Exercise objective: Exactly the lines from the one that holds "Cățel bun, frumos, inteligent, nepretențios, blând" to the end of the data below: retype these and nothing else.

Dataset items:
[Start of section]
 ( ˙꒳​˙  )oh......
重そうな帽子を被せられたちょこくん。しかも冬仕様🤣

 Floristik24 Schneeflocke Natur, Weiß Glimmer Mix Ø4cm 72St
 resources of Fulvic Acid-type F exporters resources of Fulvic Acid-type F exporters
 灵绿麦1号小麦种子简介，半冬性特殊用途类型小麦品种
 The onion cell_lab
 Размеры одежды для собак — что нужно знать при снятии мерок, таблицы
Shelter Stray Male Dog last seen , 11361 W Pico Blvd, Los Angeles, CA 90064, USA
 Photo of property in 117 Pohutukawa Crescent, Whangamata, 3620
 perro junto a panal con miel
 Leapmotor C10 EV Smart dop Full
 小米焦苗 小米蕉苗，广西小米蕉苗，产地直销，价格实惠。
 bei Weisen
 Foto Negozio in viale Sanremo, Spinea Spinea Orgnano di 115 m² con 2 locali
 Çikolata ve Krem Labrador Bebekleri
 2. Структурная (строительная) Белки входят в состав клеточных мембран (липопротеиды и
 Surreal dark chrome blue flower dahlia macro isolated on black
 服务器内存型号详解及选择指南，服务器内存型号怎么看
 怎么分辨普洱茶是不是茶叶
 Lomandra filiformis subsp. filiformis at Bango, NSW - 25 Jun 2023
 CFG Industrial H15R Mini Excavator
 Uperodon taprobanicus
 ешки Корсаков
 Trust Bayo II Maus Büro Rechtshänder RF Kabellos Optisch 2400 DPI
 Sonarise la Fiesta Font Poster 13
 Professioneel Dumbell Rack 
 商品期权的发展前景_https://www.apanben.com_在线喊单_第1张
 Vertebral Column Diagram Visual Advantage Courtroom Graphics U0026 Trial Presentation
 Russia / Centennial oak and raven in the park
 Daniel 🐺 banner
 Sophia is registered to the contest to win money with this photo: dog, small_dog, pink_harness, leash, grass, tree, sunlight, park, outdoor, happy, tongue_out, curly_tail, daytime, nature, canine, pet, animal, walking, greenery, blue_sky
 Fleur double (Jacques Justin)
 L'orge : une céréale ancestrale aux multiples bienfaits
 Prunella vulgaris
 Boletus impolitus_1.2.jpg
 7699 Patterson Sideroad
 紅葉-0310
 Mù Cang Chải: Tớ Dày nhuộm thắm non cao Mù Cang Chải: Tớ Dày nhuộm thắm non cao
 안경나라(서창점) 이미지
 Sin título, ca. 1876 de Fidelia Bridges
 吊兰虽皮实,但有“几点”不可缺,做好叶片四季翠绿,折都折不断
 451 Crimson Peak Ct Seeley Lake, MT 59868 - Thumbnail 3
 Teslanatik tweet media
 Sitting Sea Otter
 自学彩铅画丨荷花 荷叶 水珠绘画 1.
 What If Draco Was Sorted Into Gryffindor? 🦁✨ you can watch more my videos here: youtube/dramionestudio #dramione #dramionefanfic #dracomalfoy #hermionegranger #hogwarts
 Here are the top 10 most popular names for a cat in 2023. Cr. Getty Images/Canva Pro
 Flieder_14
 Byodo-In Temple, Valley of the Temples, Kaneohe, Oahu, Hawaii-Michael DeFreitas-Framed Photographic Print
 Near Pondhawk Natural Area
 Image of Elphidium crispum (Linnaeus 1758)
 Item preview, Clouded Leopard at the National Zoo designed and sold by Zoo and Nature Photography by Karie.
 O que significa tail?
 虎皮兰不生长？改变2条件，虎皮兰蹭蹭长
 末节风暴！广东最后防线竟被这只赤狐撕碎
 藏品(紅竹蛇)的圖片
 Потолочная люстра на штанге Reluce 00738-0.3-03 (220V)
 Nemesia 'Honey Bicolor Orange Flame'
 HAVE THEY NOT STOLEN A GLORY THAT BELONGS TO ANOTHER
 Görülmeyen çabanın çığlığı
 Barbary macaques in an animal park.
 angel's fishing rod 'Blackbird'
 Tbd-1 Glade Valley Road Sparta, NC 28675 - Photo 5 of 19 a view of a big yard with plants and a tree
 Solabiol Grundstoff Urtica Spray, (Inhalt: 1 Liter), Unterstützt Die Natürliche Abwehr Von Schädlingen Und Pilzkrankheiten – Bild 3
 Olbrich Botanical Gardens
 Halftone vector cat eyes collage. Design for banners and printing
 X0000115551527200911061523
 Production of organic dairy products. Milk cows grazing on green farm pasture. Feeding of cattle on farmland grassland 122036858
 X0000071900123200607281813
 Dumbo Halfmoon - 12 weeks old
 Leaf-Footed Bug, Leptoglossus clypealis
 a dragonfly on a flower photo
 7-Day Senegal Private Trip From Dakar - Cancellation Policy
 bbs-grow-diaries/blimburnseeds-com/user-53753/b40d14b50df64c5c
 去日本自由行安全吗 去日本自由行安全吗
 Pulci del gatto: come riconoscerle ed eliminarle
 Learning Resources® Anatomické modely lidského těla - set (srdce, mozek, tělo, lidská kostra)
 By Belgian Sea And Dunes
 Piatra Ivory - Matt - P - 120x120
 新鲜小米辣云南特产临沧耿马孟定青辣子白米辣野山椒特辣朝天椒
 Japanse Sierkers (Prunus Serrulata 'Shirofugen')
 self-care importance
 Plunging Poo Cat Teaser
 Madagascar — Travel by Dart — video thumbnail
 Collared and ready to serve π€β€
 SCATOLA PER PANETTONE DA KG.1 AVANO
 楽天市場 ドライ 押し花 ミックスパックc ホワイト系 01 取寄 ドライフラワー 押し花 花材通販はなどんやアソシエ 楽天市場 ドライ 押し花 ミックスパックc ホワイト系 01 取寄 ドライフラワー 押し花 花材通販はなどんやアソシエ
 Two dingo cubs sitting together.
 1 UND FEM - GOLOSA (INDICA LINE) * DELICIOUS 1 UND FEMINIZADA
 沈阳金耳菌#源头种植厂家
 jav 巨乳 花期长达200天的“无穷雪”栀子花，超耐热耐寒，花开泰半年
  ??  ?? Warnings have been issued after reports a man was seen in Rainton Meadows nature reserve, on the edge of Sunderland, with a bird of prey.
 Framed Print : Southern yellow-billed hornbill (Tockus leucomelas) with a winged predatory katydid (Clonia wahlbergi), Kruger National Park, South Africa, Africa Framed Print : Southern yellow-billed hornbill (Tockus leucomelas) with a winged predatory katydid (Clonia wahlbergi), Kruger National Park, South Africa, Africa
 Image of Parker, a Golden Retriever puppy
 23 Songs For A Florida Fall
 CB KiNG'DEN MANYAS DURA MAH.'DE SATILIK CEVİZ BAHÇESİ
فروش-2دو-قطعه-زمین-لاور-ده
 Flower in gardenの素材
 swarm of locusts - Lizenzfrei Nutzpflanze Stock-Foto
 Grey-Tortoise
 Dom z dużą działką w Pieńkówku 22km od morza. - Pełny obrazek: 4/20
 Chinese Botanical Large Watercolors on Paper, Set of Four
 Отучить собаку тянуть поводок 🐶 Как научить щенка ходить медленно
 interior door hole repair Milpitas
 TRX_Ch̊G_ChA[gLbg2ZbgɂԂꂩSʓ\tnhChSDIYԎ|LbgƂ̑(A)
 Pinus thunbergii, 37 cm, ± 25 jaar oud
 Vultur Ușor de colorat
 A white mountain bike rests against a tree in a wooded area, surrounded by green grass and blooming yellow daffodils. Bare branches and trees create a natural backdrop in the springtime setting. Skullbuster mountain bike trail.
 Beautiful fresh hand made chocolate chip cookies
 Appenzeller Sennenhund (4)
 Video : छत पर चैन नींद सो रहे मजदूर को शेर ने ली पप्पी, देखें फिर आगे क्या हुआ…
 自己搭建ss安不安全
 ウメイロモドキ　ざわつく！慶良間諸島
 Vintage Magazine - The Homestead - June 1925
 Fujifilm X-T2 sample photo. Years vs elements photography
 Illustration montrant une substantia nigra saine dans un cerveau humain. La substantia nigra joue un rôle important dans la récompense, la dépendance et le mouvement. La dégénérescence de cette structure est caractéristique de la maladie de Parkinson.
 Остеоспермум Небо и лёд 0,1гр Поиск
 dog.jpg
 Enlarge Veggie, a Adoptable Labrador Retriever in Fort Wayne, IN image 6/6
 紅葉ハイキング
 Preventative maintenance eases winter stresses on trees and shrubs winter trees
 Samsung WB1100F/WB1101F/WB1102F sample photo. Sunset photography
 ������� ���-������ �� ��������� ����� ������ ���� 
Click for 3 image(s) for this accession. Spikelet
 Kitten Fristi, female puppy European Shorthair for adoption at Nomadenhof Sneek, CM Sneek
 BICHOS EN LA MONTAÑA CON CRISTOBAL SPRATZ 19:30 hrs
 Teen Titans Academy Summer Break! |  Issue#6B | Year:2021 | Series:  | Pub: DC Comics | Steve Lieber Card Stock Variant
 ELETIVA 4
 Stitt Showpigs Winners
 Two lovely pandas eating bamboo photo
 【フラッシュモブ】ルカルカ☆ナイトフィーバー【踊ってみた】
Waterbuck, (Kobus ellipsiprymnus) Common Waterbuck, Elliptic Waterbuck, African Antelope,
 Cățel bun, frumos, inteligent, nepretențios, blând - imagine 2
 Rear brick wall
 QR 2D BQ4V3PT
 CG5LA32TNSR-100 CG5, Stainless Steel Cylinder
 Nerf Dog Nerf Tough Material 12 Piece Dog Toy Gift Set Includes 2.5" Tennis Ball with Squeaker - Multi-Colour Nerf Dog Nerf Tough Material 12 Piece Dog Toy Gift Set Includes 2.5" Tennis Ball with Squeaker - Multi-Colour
[End of section]
Exercise result:
 Cățel bun, frumos, inteligent, nepretențios, blând - imagine 2
 Rear brick wall
 QR 2D BQ4V3PT
 CG5LA32TNSR-100 CG5, Stainless Steel Cylinder
 Nerf Dog Nerf Tough Material 12 Piece Dog Toy Gift Set Includes 2.5" Tennis Ball with Squeaker - Multi-Colour Nerf Dog Nerf Tough Material 12 Piece Dog Toy Gift Set Includes 2.5" Tennis Ball with Squeaker - Multi-Colour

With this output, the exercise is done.